Exercise: Among the records below, find the line that has "Hansell Upholstered Swivel"; from there, give the lines again exactly, and stop after the line that has "Fanola Color Zoom".

Excerpted data:
++++++

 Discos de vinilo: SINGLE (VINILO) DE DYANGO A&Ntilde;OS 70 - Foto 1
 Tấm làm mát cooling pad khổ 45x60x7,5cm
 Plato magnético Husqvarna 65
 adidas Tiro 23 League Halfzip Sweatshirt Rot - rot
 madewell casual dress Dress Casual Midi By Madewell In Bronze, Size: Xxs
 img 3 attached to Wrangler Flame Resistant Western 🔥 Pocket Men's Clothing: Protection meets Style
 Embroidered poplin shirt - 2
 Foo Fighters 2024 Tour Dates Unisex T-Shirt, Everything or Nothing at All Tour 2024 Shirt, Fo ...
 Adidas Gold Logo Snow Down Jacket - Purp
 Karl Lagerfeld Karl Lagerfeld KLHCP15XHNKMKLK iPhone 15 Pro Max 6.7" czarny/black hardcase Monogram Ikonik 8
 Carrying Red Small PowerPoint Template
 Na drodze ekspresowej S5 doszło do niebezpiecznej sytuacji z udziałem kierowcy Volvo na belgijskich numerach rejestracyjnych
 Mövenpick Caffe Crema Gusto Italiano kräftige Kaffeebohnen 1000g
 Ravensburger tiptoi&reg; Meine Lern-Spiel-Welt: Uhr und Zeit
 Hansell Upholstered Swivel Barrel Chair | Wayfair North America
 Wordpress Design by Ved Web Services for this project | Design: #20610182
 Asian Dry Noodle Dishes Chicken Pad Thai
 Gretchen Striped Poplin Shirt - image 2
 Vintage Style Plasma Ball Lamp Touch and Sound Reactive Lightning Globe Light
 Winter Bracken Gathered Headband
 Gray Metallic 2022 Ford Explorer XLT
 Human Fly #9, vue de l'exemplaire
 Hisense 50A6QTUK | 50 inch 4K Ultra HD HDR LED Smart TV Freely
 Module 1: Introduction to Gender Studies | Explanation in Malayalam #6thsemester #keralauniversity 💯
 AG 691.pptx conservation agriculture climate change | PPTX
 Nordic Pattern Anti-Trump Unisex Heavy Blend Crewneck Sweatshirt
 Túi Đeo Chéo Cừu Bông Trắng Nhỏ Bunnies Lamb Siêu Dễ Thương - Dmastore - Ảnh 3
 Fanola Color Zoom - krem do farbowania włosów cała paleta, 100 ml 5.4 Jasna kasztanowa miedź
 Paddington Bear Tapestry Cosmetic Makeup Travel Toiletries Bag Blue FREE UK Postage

++++++

Result for this task:
 Hansell Upholstered Swivel Barrel Chair | Wayfair North America
 Wordpress Design by Ved Web Services for this project | Design: #20610182
 Asian Dry Noodle Dishes Chicken Pad Thai
 Gretchen Striped Poplin Shirt - image 2
 Vintage Style Plasma Ball Lamp Touch and Sound Reactive Lightning Globe Light
 Winter Bracken Gathered Headband
 Gray Metallic 2022 Ford Explorer XLT
 Human Fly #9, vue de l'exemplaire
 Hisense 50A6QTUK | 50 inch 4K Ultra HD HDR LED Smart TV Freely
 Module 1: Introduction to Gender Studies | Explanation in Malayalam #6thsemester #keralauniversity 💯
 AG 691.pptx conservation agriculture climate change | PPTX
 Nordic Pattern Anti-Trump Unisex Heavy Blend Crewneck Sweatshirt
 Túi Đeo Chéo Cừu Bông Trắng Nhỏ Bunnies Lamb Siêu Dễ Thương - Dmastore - Ảnh 3
 Fanola Color Zoom - krem do farbowania włosów cała paleta, 100 ml 5.4 Jasna kasztanowa miedź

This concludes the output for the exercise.